Sudivate/environment (#217)

sudivate · web-flow · commit c773db995958 · 2020-03-01T22:32:52.000-08:00
reusable aml enviroment
diff --git a/.env.example b/.env.example
@@ -15,6 +15,7 @@ WORKSPACE_NAME = 'aml-workspace'
 EXPERIMENT_NAME = ''
 
 # AML Compute Cluster Config
+AML_ENV_NAME='diabetes_regression_training_env'
 AML_COMPUTE_CLUSTER_NAME = 'train-cluster'
 AML_COMPUTE_CLUSTER_CPU_SKU = 'STANDARD_DS2_V2'
 AML_CLUSTER_MAX_NODES = '4'
diff --git a/.pipelines/diabetes_regression-variables-template.yml b/.pipelines/diabetes_regression-variables-template.yml
@@ -29,6 +29,8 @@ variables:
     value: diabetes_regression_model.pkl
 
   # AML Compute Cluster Config
+  - name: AML_ENV_NAME
+    value: diabetes_regression_training_env
   - name: AML_COMPUTE_CLUSTER_CPU_SKU
     value: STANDARD_DS2_V2
   - name: AML_COMPUTE_CLUSTER_NAME
diff --git a/bootstrap/bootstrap.py b/bootstrap/bootstrap.py
@@ -103,7 +103,6 @@ def replaceprojectname(project_dir, project_name, rename_name):
             r"ml_service/pipelines/diabetes_regression_build_train_pipeline.py",  # NOQA: E501
             r"ml_service/pipelines/diabetes_regression_verify_train_pipeline.py",  # NOQA: E501
             r"ml_service/util/create_scoring_image.py",
-            r"diabetes_regression/azureml_environment.json",
             r"diabetes_regression/conda_dependencies.yml",
             r"diabetes_regression/evaluate/evaluate_model.py",
             r"diabetes_regression/register/register_model.py",
diff --git a/diabetes_regression/azureml_environment.json b/diabetes_regression/azureml_environment.json
diff --git a/diabetes_regression/conda_dependencies.yml b/diabetes_regression/conda_dependencies.yml
@@ -1,32 +1,40 @@
+# Conda environment specification.
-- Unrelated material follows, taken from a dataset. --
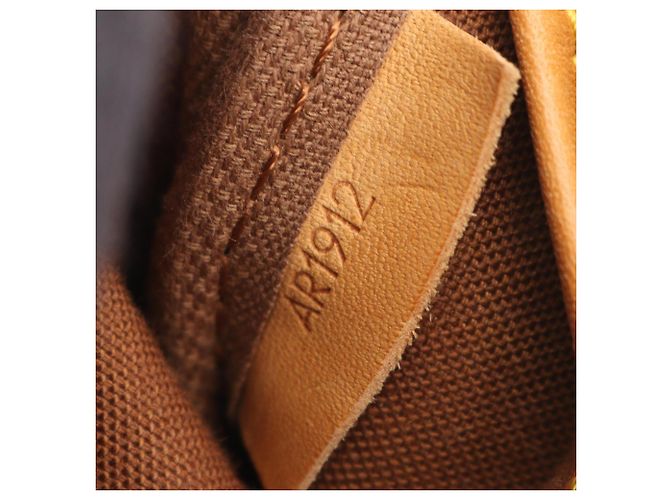 Borsa a Spalla Louis Vuitton Saumur 30 Marrone - vista 6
The dependencies defined in this file will
+# be automatically provisioned for managed runs. These include runs against
+# the localdocker, remotedocker, and cluster compute targets.
+
+# Note that this file is NOT used to automatically manage dependencies for the
+# local compute target. To provision these dependencies locally, run:
+# conda env update --file conda_dependencies.yml
+
 # Details about the Conda environment file format:
 # https://conda.io/docs/using/envs.html#create-environment-file-by-hand
 
-name: diabetes_regression_sklearn
+# For managing Spark packages and configuration, see spark_dependencies.yml.
+# Version of this configuration file's structure and semantics in AzureML.
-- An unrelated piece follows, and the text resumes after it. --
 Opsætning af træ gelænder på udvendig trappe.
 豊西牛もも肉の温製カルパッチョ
+# This directive is stored in a comment to preserve the Conda file structure.
+# [AzureMlVersion] = 2
 
+name: diabetes_regression_training_env
 dependencies:
   # The python interpreter version.
+  # Currently Azure ML Workbench only supports 3.5.2 and later.
   - python=3.7.5
-
   # Required by azureml-defaults, installed separately through Conda to
   # get a prebuilt version and not require build tools for the install.
   - psutil=5.6 #latest
 
-  - numpy=1.18.1
-  - pandas=1.0.0
-  - scikit-learn=0.22.1
-  #- r-essentials
-  #- tensorflow
-  #- keras
-
-  - pip=20.0.2
   - pip:
-      # Dependencies for training environment.
-
-      - azureml-core==1.0.85
-
-      # Dependencies for scoring environment.
-
-      # You must list azureml-defaults as a pip dependency
-      - azureml-defaults==1.0.85
-      - inference-schema[numpy-support]==1.0.1
-      - azureml-dataprep==1.1.38
+      # Required packages for AzureML execution, history, and data preparation.
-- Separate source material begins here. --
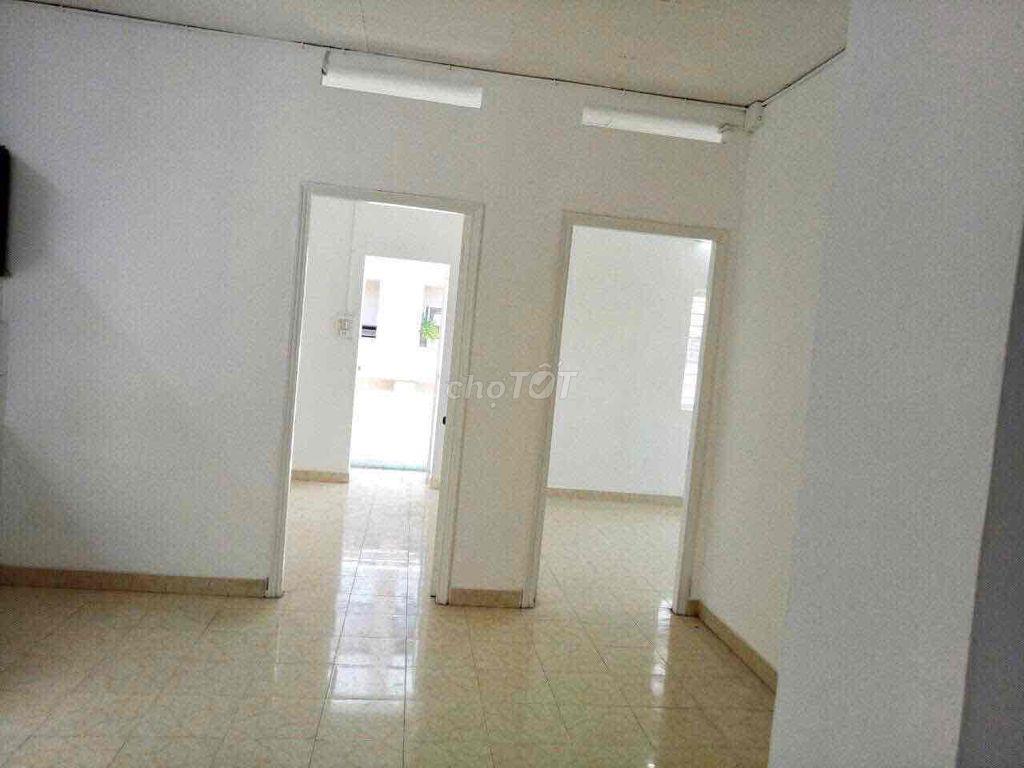 Cho thuê chung cư Bàu Cát 2 100m2 3pn 2wc có 3 máy lạnh thang bộ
+      - azureml-model-management-sdk==1.0.1b6.post1
+      - azureml-sdk==1.0.74
+      - scipy==1.3.1
+      - scikit-learn==0.22
+      - pandas==0.25.3
+      - numpy==1.17.3
+      - joblib==0.14.0
+      - gunicorn==19.9.0
+      - flask==1.1.1
+      - inference-schema[numpy-support]
+      - azure
+      - azure-storage-blob
+      - azureml-dataprep
diff --git a/diabetes_regression/scoring/inference_config.yml b/diabetes_regression/scoring/inference_config.yml
@@ -6,4 +6,4 @@ schemaFile:
 sourceDirectory:
 enableGpu: False
 baseImage:
-baseImageRegistry:
+baseImageRegistry:
diff --git a/docs/code_description.md b/docs/code_description.md
@@ -62,7 +62,6 @@ The repository provides a template with folders structure suitable for maintaini
 
 ### Environment Definitions
 
-- `diabetes_regression/azureml_environment.json` : Azure ML environment definition for the training environment, including base Docker image and a reference to `conda_dependencies.yml` Conda environment file.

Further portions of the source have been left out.